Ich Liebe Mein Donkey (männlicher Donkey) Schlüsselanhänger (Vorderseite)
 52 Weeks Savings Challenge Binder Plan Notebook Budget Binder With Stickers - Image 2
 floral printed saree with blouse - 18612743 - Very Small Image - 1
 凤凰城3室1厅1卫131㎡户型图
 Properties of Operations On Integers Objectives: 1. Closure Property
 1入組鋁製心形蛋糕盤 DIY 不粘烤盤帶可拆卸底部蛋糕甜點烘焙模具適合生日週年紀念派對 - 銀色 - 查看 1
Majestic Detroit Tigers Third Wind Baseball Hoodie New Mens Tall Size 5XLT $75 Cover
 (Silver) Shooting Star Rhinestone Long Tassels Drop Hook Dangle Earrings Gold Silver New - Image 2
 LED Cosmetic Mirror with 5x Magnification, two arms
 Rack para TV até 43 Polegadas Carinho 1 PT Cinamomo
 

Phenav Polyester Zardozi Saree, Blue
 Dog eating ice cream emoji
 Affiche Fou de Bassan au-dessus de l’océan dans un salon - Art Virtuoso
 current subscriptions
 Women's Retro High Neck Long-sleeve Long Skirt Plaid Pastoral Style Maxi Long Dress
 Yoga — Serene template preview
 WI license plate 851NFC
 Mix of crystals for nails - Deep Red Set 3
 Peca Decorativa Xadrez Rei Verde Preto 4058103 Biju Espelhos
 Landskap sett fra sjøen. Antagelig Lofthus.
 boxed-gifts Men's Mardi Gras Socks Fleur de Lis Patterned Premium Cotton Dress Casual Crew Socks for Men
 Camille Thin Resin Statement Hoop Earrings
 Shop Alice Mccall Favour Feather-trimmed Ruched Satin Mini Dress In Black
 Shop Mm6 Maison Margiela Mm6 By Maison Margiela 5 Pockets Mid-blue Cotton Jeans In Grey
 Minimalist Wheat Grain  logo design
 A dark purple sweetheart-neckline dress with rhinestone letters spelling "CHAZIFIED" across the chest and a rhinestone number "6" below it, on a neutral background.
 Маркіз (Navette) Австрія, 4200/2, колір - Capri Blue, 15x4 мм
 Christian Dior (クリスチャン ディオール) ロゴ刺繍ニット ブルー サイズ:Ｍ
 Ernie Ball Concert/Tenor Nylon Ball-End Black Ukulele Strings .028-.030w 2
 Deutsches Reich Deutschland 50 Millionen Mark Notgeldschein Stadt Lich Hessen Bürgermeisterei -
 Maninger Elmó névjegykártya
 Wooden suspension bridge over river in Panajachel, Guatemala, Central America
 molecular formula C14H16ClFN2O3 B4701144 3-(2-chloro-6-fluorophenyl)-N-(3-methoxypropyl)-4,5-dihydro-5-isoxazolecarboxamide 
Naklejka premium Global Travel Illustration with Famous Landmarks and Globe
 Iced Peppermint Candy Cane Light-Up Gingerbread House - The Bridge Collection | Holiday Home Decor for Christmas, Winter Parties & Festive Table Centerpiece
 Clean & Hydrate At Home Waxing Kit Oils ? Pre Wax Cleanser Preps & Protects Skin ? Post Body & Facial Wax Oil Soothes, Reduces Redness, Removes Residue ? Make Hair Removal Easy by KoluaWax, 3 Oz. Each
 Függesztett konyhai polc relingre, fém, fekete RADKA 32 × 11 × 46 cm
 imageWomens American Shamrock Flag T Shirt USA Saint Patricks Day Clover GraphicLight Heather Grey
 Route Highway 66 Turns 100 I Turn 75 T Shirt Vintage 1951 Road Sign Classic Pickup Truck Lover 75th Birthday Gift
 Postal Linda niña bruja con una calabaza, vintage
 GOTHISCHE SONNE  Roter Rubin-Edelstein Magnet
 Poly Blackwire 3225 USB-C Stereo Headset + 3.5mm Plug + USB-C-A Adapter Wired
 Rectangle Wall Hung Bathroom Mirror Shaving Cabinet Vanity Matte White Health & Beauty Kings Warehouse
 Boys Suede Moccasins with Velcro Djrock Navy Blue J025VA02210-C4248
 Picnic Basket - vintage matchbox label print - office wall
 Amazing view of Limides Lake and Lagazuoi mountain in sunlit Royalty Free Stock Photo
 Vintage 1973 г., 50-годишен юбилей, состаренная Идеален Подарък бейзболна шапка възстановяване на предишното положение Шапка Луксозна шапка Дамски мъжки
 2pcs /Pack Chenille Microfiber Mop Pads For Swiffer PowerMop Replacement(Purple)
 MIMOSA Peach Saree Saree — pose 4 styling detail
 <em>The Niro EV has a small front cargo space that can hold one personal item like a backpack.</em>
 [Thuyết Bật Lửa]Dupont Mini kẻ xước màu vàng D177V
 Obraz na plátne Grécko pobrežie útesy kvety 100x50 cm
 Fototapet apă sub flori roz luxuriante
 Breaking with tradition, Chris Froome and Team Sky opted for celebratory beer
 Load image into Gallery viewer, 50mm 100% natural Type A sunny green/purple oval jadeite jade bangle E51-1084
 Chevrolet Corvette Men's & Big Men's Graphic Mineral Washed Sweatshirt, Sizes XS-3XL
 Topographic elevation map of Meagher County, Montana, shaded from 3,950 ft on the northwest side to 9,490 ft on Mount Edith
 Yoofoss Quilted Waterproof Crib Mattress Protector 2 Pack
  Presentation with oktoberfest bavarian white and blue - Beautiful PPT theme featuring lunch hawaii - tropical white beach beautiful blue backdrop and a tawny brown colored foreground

═══

Task requirements ::
From the line holding "Breaking with tradition, Chris" to the final line of the data, output each line exactly and nothing more.

Worked solution ::
 Breaking with tradition, Chris Froome and Team Sky opted for celebratory beer
 Load image into Gallery viewer, 50mm 100% natural Type A sunny green/purple oval jadeite jade bangle E51-1084
 Chevrolet Corvette Men's & Big Men's Graphic Mineral Washed Sweatshirt, Sizes XS-3XL
 Topographic elevation map of Meagher County, Montana, shaded from 3,950 ft on the northwest side to 9,490 ft on Mount Edith
 Yoofoss Quilted Waterproof Crib Mattress Protector 2 Pack
  Presentation with oktoberfest bavarian white and blue - Beautiful PPT theme featuring lunch hawaii - tropical white beach beautiful blue backdrop and a tawny brown colored foreground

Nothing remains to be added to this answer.